Required work
Below, find the line containing "modern master bathroom with pedestal sinks" and the line containing "A dining table"; reproduce exactly those two and every line between them, omitting pictures.

Exercise materials
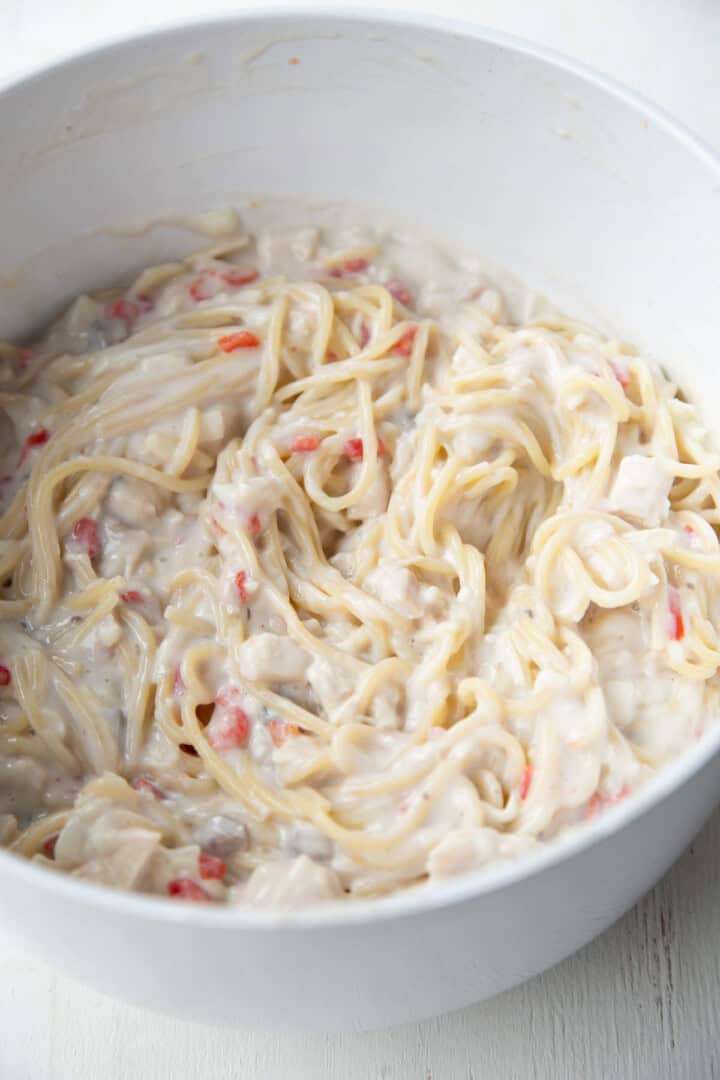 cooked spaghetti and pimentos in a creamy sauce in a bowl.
...
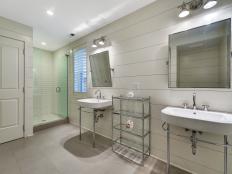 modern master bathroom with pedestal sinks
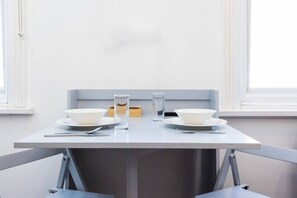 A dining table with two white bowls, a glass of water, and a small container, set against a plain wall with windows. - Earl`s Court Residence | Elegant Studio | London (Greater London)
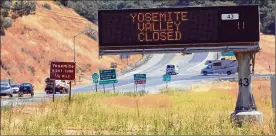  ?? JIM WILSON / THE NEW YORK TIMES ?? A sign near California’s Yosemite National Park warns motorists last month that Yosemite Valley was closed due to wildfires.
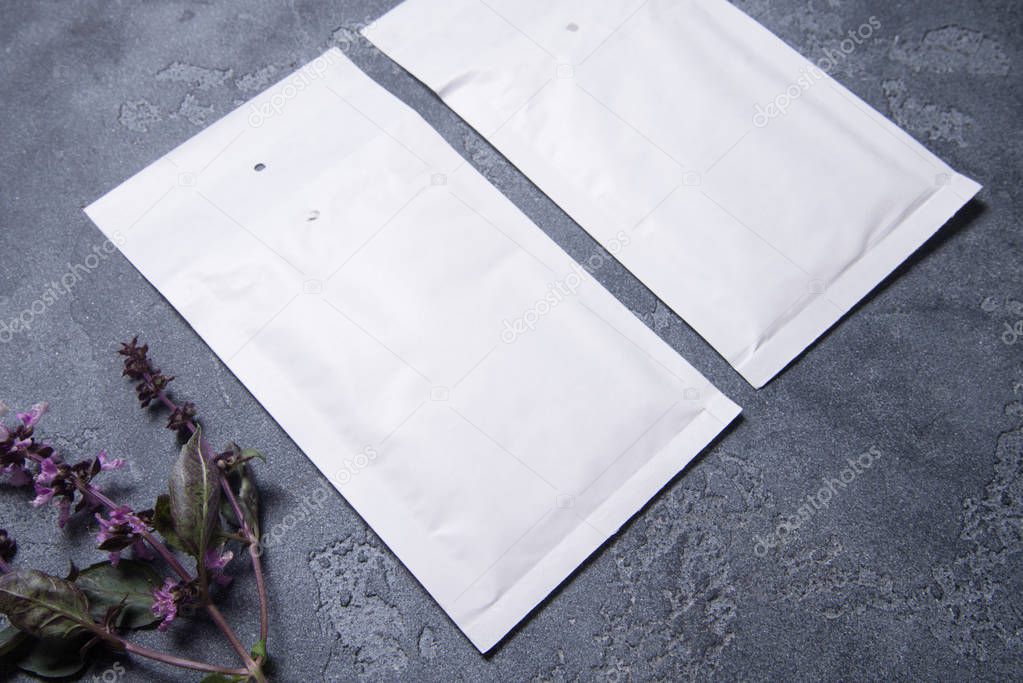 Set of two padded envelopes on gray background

Result of the task
 modern master bathroom with pedestal sinks
 A dining table with two white bowls, a glass of water, and a small container, set against a plain wall with windows. - Earl`s Court Residence | Elegant Studio | London (Greater London)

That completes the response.